→ ACTION ITEM: From the records, return each line that has the word "Build" in it.

Items from a dataset:
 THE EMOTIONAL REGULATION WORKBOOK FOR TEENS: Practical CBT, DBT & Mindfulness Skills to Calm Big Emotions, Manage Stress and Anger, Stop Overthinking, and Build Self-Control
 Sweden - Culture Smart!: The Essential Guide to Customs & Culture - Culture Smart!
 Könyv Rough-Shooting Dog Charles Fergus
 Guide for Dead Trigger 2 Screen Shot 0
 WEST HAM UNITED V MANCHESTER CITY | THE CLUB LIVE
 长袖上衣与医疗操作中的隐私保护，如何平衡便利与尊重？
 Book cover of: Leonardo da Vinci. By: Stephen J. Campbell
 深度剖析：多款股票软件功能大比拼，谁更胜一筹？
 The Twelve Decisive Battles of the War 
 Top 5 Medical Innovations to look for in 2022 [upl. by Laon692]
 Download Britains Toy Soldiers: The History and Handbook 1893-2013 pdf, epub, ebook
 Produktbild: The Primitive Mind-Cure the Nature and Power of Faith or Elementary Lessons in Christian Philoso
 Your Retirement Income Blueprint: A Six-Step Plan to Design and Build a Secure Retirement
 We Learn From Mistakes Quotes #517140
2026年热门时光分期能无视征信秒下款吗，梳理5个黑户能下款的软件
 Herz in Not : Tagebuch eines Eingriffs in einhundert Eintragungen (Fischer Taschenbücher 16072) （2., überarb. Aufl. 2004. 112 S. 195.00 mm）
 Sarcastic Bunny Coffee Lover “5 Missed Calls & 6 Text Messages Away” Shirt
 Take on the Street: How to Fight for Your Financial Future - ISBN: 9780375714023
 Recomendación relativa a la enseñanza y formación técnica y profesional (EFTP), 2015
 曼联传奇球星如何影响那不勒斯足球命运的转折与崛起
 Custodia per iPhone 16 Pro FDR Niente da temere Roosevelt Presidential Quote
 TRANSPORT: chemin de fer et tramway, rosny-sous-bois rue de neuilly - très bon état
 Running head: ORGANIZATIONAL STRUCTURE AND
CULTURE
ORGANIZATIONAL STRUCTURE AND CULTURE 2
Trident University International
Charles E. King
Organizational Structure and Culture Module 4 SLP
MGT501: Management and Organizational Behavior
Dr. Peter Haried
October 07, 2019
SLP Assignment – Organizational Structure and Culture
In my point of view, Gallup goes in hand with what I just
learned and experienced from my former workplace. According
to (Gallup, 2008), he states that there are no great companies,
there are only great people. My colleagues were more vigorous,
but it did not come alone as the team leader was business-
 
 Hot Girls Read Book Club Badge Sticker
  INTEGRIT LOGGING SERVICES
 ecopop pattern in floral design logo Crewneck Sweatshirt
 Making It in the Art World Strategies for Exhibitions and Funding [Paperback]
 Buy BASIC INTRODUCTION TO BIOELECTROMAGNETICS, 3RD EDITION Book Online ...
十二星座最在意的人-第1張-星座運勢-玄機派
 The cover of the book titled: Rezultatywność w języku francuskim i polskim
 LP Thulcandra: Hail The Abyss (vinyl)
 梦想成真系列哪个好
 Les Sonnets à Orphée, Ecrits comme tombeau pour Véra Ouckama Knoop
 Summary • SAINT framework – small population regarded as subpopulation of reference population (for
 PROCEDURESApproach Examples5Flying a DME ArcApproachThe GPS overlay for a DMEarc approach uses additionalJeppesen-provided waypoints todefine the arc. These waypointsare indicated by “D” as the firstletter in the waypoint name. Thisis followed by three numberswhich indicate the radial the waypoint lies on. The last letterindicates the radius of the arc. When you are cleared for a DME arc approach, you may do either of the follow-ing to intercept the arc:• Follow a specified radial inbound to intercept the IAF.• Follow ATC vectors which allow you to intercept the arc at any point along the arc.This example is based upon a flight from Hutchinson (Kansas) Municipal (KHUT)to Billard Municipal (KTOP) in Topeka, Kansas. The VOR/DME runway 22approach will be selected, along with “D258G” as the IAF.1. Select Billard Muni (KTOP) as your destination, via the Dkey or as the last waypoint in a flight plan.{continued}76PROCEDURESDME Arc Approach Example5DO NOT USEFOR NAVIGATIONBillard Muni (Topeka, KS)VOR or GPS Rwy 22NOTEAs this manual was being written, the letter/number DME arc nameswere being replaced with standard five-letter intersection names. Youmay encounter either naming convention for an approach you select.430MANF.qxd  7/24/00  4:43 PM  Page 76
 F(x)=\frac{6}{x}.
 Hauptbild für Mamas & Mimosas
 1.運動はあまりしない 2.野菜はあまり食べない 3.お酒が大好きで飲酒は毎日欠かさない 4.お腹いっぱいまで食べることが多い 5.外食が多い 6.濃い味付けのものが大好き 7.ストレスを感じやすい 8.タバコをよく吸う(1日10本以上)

→ FINISHED TASK:
 THE EMOTIONAL REGULATION WORKBOOK FOR TEENS: Practical CBT, DBT & Mindfulness Skills to Calm Big Emotions, Manage Stress and Anger, Stop Overthinking, and Build Self-Control
 Your Retirement Income Blueprint: A Six-Step Plan to Design and Build a Secure Retirement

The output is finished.